Litigation Release No. 16720 / September 21, 2000

SECURITIES AND EXCHANGE COMMISSION v. CAPITAL CONSULTANTS, LLC, JEFFREY L. GRAYSON, AND BARCLAY L. GRAYSON, Civil Action No. 1290 KI (D. Ore.)

The Securities and Exchange Commission ("Commission") announced that on September 21, 2000, it filed a complaint alleging securities fraud against Capital Consultants, LLC, a registered investment adviser located in Portland, Oregon, that manages over $1 billion for 340 clients, principally union pension trust funds and individuals, and against its principals Jeffrey L. Grayson and his son Barclay L. Grayson. Without admitting or denying the allegations in the Commission's complaint, the Defendants stipulated to a preliminary injunction from future violations of the federal securities laws and asset freeze and the appointment of a permenant receiver over Capital Consultants.

The Commission's complaint alleges that the Defendants are currently operating an undisclosed Ponzi scheme using client funds to make interest payments to clients invested in a failed and bankrupt $160 million loan that Capital Consultants made to Wilshire Credit Corp. In early 1999, the loan to Wilshire Credit was discharged in bankruptcy. The Defendants, however, have continued to report to clients that the loan's value is $160 million, stating that Capital Consultants had sold the loan to two other entities and that they are making the loan payments.

The Defendants, however, have failed to inform the clients that they have lent an additional $71 million of client funds to the two entities to make the payments on the loan to Wilshire Credit. The Defendants have also omitted other material information, including the fact that the entities that purchased the Wilshire Credit loan have the right to terminate their purchase agreement at any time, for any reason, and without further liability. Moreover, the Defendants, until very recently, billed their clients invested in the Wilshire Credit loan a 3% annual management fee based on the purported $160 million value.

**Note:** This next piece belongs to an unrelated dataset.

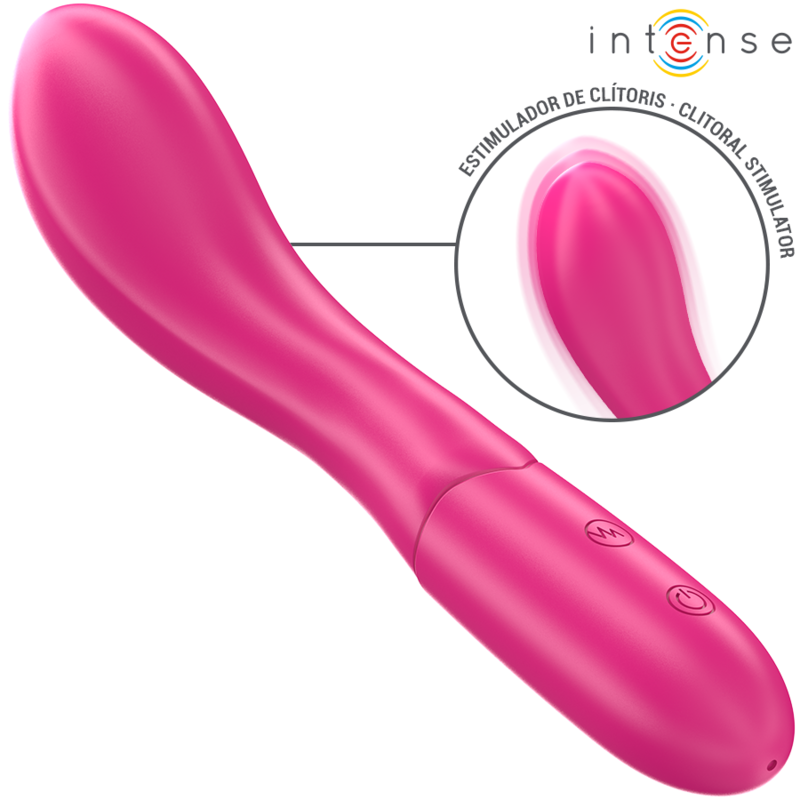 INTENSE - LISETTE VIBRATEUR 19 CM SOUPLE 10 VIBRATIONS ROSE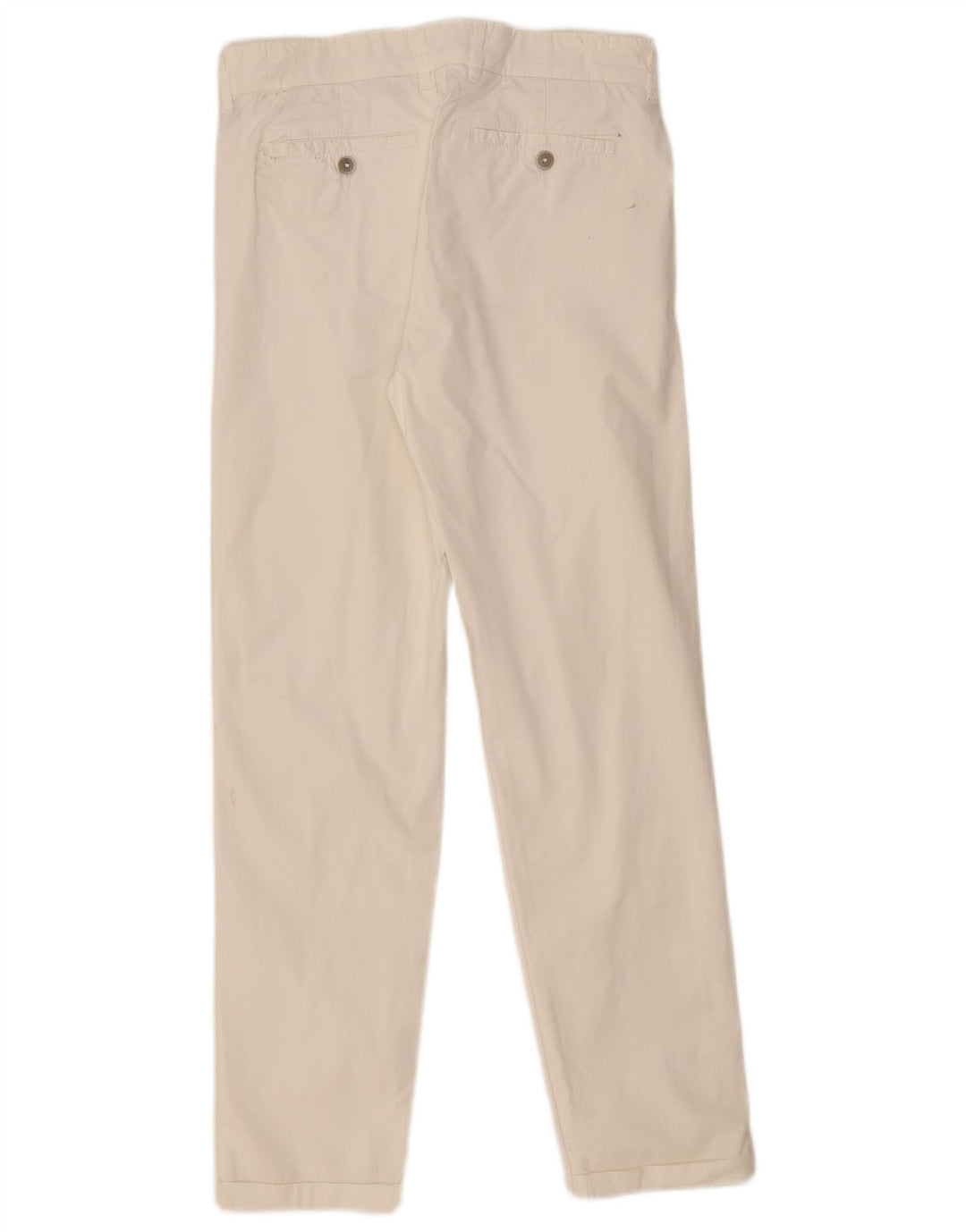 Женские прямые брюки чинос Fay W29 L29, белый хлопок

The Defendants also continue to sell to clients participation interests in the loan at the full cost.

The Commission's complaint alleges that the Defendants have violated and are continuing to violate the antifraud provisions of Section 17(a) of the Securities Act of 1933 and Section 10(b) of the Securities Exchange Act of 1934 and Rule 10b-5 thereunder, and Capital Consultants, aided and abetted by the Graysons, has violated and is continuing to violate the advisory antifraud provisions of Sections 206(1) and (2) of the Investment Advisers Act of 1940.

In a related action, the Defendants were sued by the Department of Labor for ERISA violations. The Commission acknowledges the assistance of the Department of Labor in the investigation of this matter.